13. In Lagan’s case (supra) Injia, J (as he then was) quoted from McGregor on Damages (Sweet & Maxwell, 13th Ed. 1972, London at p.35.


“The Plaintiff has the burden of proving both fact and the amount of damages before he can recover substantial damages. This follows from the general rule that the burden of proving a fact is upon him who alleges it and not upon him who denies it, so that where a given allegation forms an essential part of a person’s case, the proof of such allegation falls on him. Even if the Defendant fails to deny the allegation of damages or suffers default, the Plaintiff must still prove his loss.”


14. Injia, J (as he then was) said in Lagan (supra) that:


the minimum requirement in any action is for the plaintiff himself to give admissible evidence in support of his claim. He is not exonerated from this duty in anyway by the fact that default judgment has been entered and that trial on assessment of damages is proceeding ex parte or that he has authorised another person to give evidence on his behalf. When the primary evidence of the Plaintiff is lacking, there is a serious gap in the Plaintiff’s case, all other evidence being inadmissible as being hearsay or hearsay upon hearsay.”

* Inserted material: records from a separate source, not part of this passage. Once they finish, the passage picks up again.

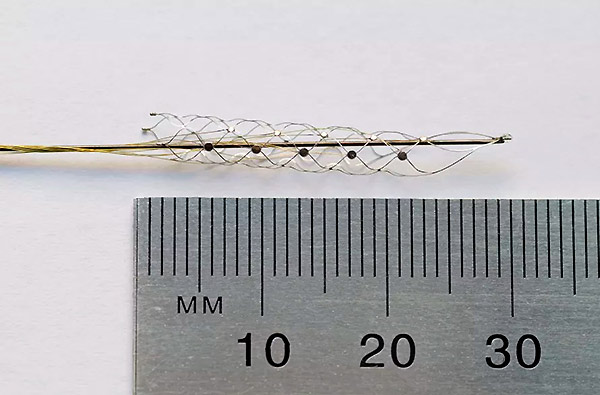 stentrode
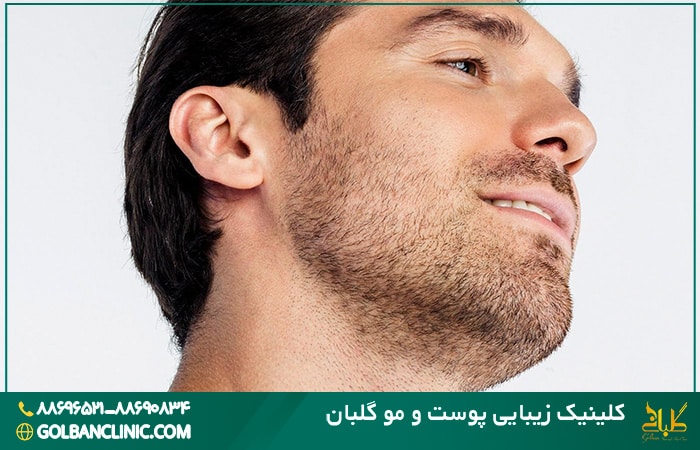 کاشت ریش و سبیل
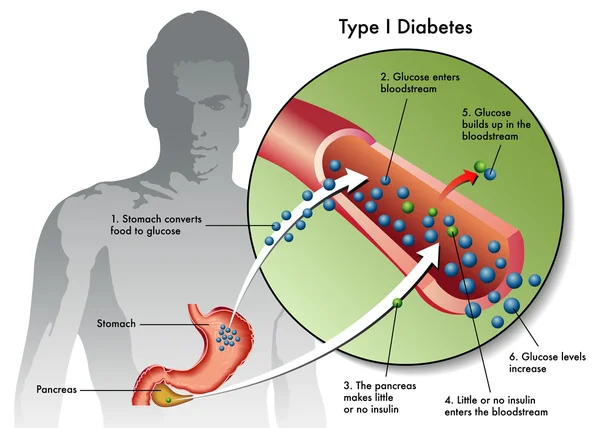 Diabetes tipo 1 etiquetada — Vector de stock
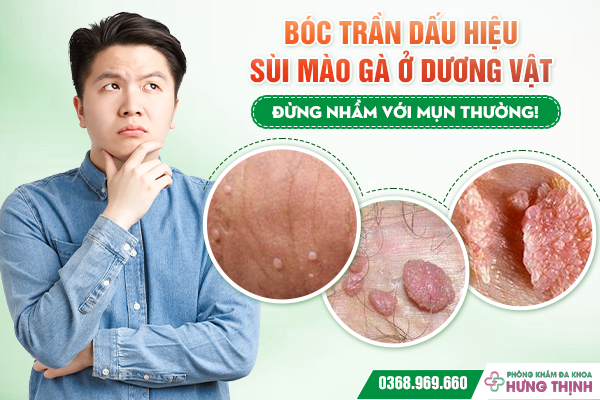 Bóc Trần Dấu Hiệu Sùi Mào Gà Ở Dương Vật: Đừng Nhầm Với Mụn Thường!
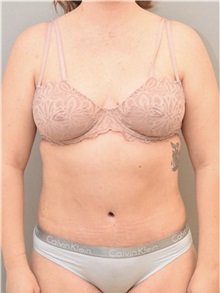 Tummy Tuck After Photo by Keshav Magge, MD; Bethesda, MD - Case 37018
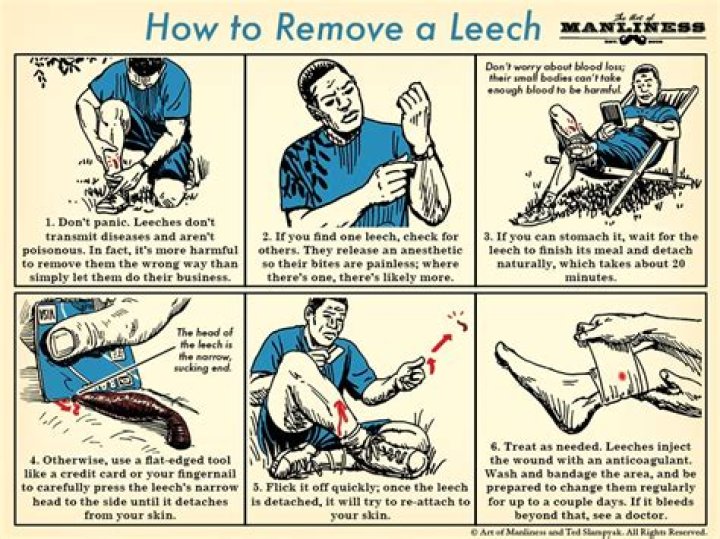 What happens if you pull off a leech?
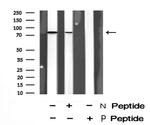 Phospho-Synapsin II (Ser425) Antibody in Western Blot (WB)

Non-payment of invoices at K60, 890.00


15. I would award 50% of the sum claimed. That would be K30, 445.00. Taking into account K12, 500.00 already paid leaves the balance of K17, 945.00 still owing. See William Patitts For and On Behalf of Sasaova Business Group-v-Independent State of Papua New Guinea (2006) N3088 & Komasa-v-Jossy [2012] PGNC 155, N4863.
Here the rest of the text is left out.